In our setting, a sorting interpretation also requires that the ranking of occupations with respect to their occupational earnings risk has remained stable. Otherwise, the risk profile estimated on the 2004 cross section may not have been relevant at the time when individuals chose their occupation. In an extreme case, risk attitudes might not have been related to differences in occupation-specific earnings risk when individuals sorted into an occupation. Instead, a wage setting mechanism in which preferences of incumbents shape the occupational earnings risk might be a potential channel through which a correlation between risk preferences and wage dispersion can arise. To address the question whether there have been considerable changes in occupation-specific wage dispersion, we estimate wage dispersion measures for the years 1979, 1984, 1989, 1994, and 1999, and compute Pearson correlation coefficients with occupations as cross-sectional unit (Table 4). The correlation coefficient is decreasing in the time span considered, but remains positive and high; it is larger than 0.65 for any pair of years.
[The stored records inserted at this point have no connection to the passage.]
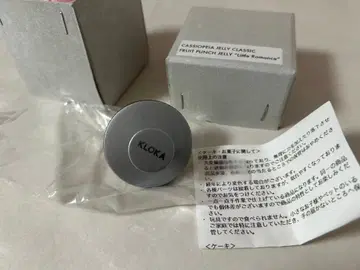 상품명 KLOKA 오다니미유키 체리짱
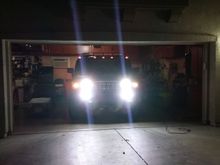 133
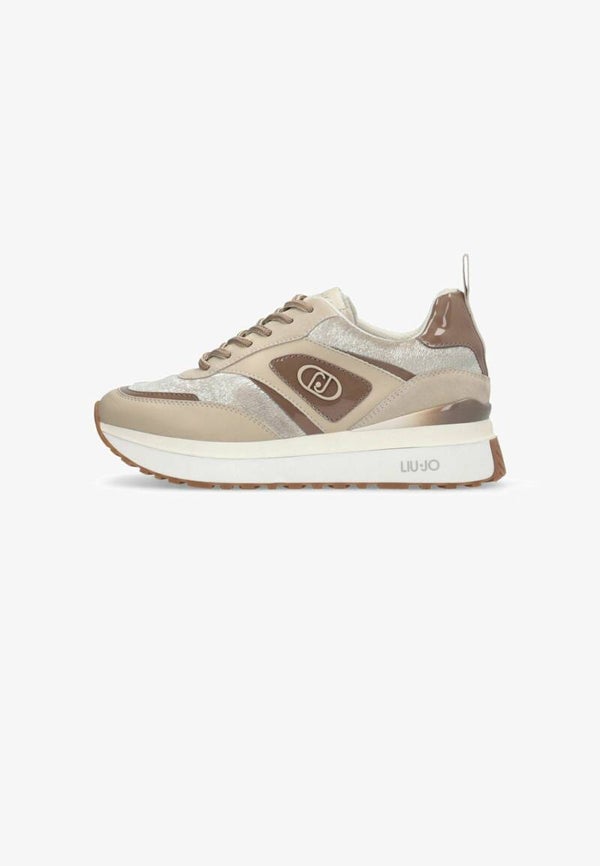 Liu.Jo Sneaker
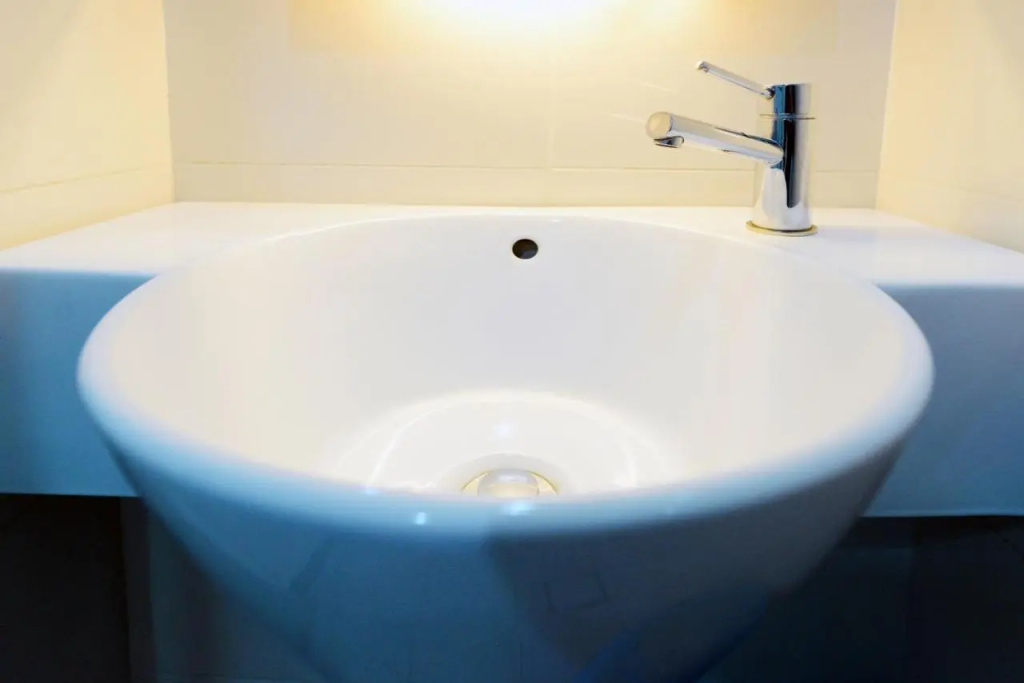 Hotel photo 42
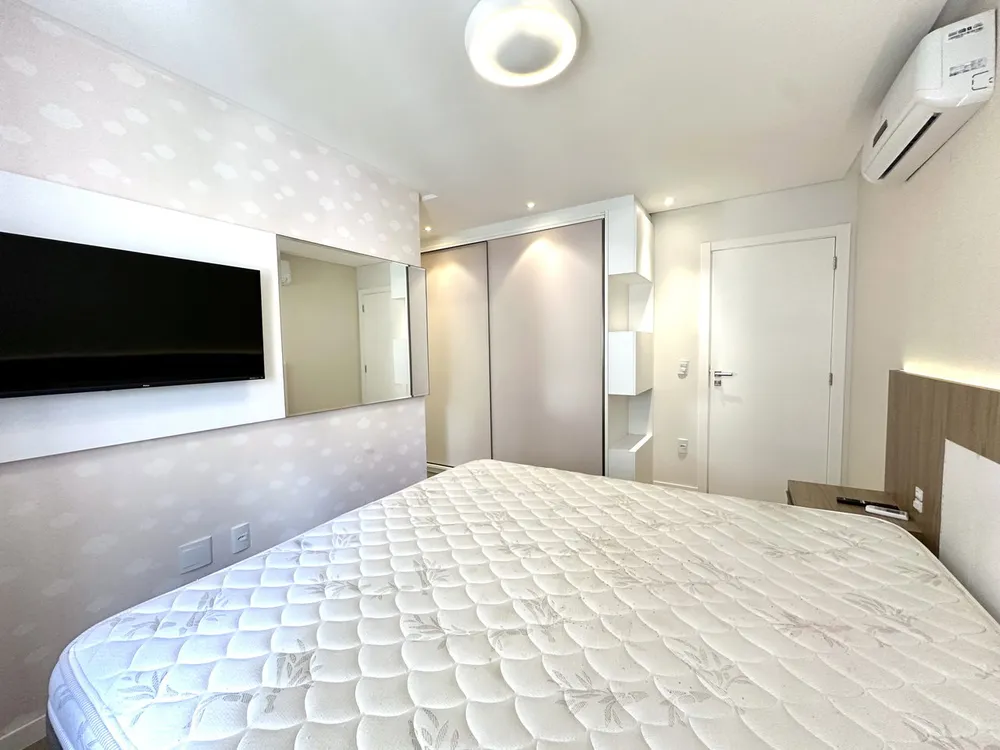 Apartamento, 4 quartos, 196 m² - Foto 13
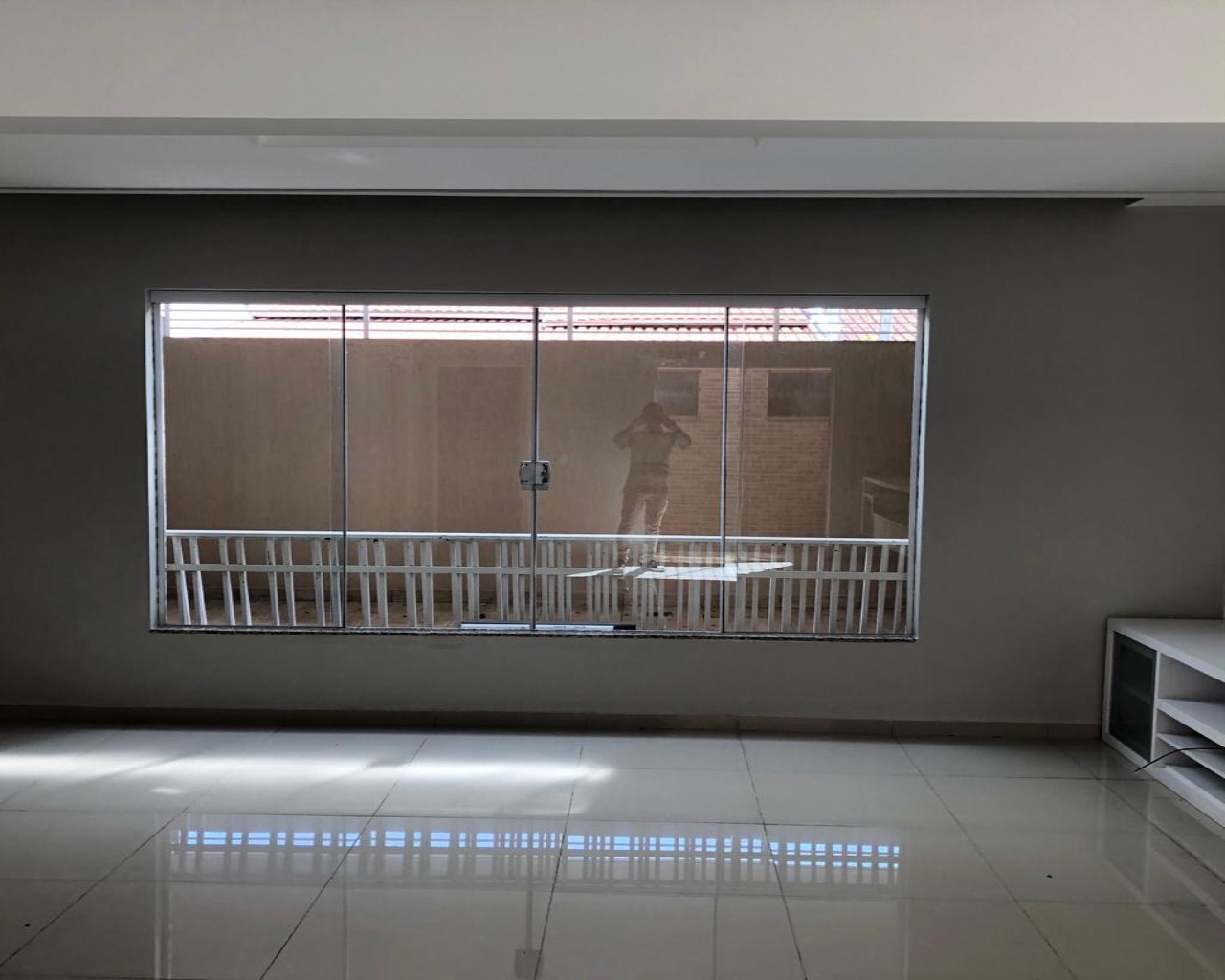 Casa, 3 quartos, 180 m² - Foto 7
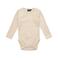 Petit by Sofie Schnoor romper offwhite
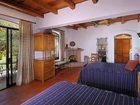 фото отеля Casa Estrella De La Valenciana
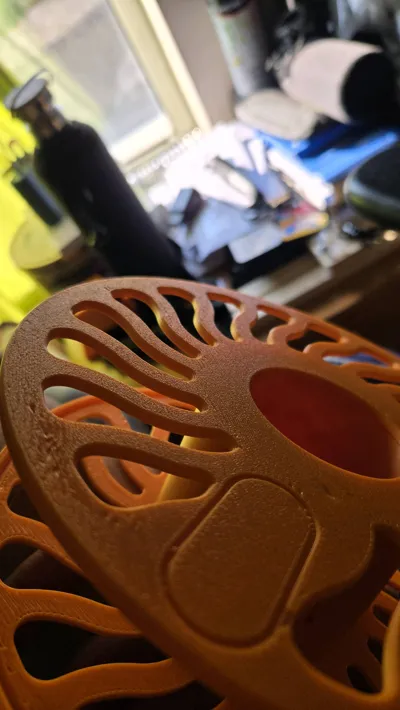 https://makerworld.bblmw.com/makerworld/model/868744/1073733/ratings/463d1750-6eff-11f0-a59d-438480b7800d.jpg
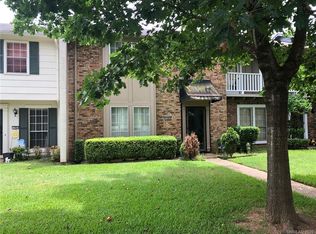 108 Topango Dr, Shreveport, LA 71115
This suggests that the relative wage dispersion of occupations has been rather stable in West Germany in the period from 1979 to 2004, and that the risk profiles we estimate from a cross section for 2004 are quite close to those relevant at the point of labor market entry for most of the individuals in the SOEP.

Table 4 Temporal stability of risk profiles

Finally, we cannot rule out that the correlation between risk attitudes and wage dispersion is driven by cognitive abilities rather than risk preferences: There is evidence for a negative relationship between risk aversion and cognitive abilities (e.g., Dohmen et al. 2010), and at the same time, dispersion may be particularly attractive for high-ability individuals.

4 Conclusion

We discuss a particular method to estimate group-level wage dispersion, which is based on semiparametric methods. Specifically, we estimate a human capital model, including dummy variables for each of the groups of interest, at a number of different quantiles; we then take the differences of the dummy coefficients at different quantiles as a measure of dispersion within each group. The method is particularly useful when working with data which is either censored or top-coded, such as administrative data and some survey data, since it is more robust to deviations from homoskedasticity and distributional assumptions than parametric estimators. In addition, it controls for the dispersion effect of covariates, and allows us to estimate the entire conditional wage distribution and its differences across groups. In an application which connects a large German administrative data set, the IAB Employment Sample (IABS), which is subject to censoring due to a legislative contribution limit, and a household survey, we find that individuals with greater willingness to take risks work in occupations with higher cross-sectional wage dispersion.